Navigating Tax Audits for Restaurants: Key Areas and Compliance Tips

An audit by the Internal Revenue Service (IRS) or state and local governments can be a source of anxiety and financial strain, especially if non-compliance is found. Restaurants, with their numerous tax obligations and regulations, must be vigilant to ensure compliance. This article outlines key areas of interest for tax agencies during audits and provides tips to help restaurant owners maintain compliance.

Financial & Tax Considerations –

  • Sales and Use Tax Compliance: Restaurants must navigate various state and local sales tax obligations, ensuring correct tax charges and remittances. Purchases from out-of-state vendors might still incur use tax liabilities in the restaurant’s home state.
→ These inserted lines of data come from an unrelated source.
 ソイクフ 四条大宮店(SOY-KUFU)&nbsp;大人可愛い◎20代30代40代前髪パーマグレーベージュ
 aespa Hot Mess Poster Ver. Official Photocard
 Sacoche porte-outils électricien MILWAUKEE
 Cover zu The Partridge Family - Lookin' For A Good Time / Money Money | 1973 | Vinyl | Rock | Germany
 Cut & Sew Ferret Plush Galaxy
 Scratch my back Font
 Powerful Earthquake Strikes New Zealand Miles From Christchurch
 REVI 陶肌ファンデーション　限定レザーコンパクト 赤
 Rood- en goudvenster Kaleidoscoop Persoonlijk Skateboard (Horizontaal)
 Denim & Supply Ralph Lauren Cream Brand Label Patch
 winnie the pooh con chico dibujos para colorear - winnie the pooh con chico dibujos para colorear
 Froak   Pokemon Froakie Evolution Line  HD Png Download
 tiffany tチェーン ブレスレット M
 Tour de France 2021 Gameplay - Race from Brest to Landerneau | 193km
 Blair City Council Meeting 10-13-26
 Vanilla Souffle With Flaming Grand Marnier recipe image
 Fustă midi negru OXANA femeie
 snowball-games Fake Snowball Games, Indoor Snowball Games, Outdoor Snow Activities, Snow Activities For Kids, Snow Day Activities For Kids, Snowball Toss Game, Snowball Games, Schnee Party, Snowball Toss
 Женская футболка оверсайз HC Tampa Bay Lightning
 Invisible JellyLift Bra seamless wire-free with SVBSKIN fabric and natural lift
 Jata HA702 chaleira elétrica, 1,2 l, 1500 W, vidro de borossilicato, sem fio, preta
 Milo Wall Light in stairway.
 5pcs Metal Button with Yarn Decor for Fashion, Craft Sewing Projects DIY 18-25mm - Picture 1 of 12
Regularly reviewing sales items for correct tax application and assessing use taxes on out-of-state purchases can help maintain compliance.
  • Depreciation and Capitalization: The IRS examines depreciation schedules and capitalization policies to ensure proper classification and application of tax rules. States, having decoupled from federal accelerated depreciation methods, also scrutinize these areas. Implementing a capitalization policy and regularly reviewing the general ledger helps ensure correct categorization and compliance, avoiding costly amendments and penalties.
  • Franchise Fees and Royalties: For franchised restaurants, the IRS reviews the deductibility and timing of franchise fees and royalties, ensuring compliance with tax regulations. Accurate allocation and reporting of these expenses are essential to avoid issues.
  • Cash Transactions: Restaurants, being cash-intensive businesses, are closely monitored by the IRS for potential underreporting of income. Auditors will scrutinize cash register tapes, sales receipts, and bank deposits to confirm all income is accurately reported. Owners should conduct daily reconciliations and implement robust cash management controls to ensure accuracy and minimize the risk of financial loss.
  • Sponsorships and Charitable Donations: When sponsoring events or making charitable donations, the IRS assesses whether these expenses qualify as deductible business expenses or charitable contributions, requiring proper documentation. Enhanced deductions for donating unsold food must be well-supported to withstand scrutiny.

Property Considerations –

  • Gift Card and Gift Certificate Sales: Income from gift card sales must be accurately recognized for tax purposes. Additionally, compliance with unclaimed property laws regarding unused gift cards is essential. Maintaining a tracking system for these financial instruments and understanding state-specific unclaimed property laws can prevent legal issues.
  • Inventory and Cost of Goods Sold (COGS): The IRS reviews how restaurants value and track inventory and calculate COGS. Regular inventory counts and accurate record-keeping are crucial, especially for deductions related to inventory losses from spoilage, theft, or damage. This ensures accurate tax reporting and supports positions taken on tax returns.

Employee Considerations –

  • Tip Reporting Requirements: Accurate reporting of employee tips is complex but vital. The IRS reviews compliance with tip reporting and withholding, including the proper filing of forms like Form 8027. Understanding tip allocation agreements and ensuring compliance with TRAC agreements, where applicable, helps avoid significant exposure to penalties.
  • Minimum Wage and Labor Laws: The IRS and states may coordinate with agencies like the Department of Labor to verify compliance with wage and labor laws. Non-compliance can result in severe penalties and damage to a restaurant’s reputation. Operators should fully understand and regularly review federal and state labor laws, considering periodic self-audits for added protection.
  • Employee Classification: Proper classification of workers as employees or independent contractors is crucial. Misclassification can lead to significant back taxes, penalties, and interest. The IRS and states examine the level of control a restaurant has over its workers in terms of training, direction, resources, and working hours. Significant control typically indicates employee status, necessitating proper payroll tax withholdings.

Operating a restaurant involves many challenges, including navigating tax obligations and potential audits. By understanding and complying with various tax laws and regulations, restaurant owners can avoid costly mistakes. Seeking outside assistance when needed can provide additional assurance of compliance and peace of mind.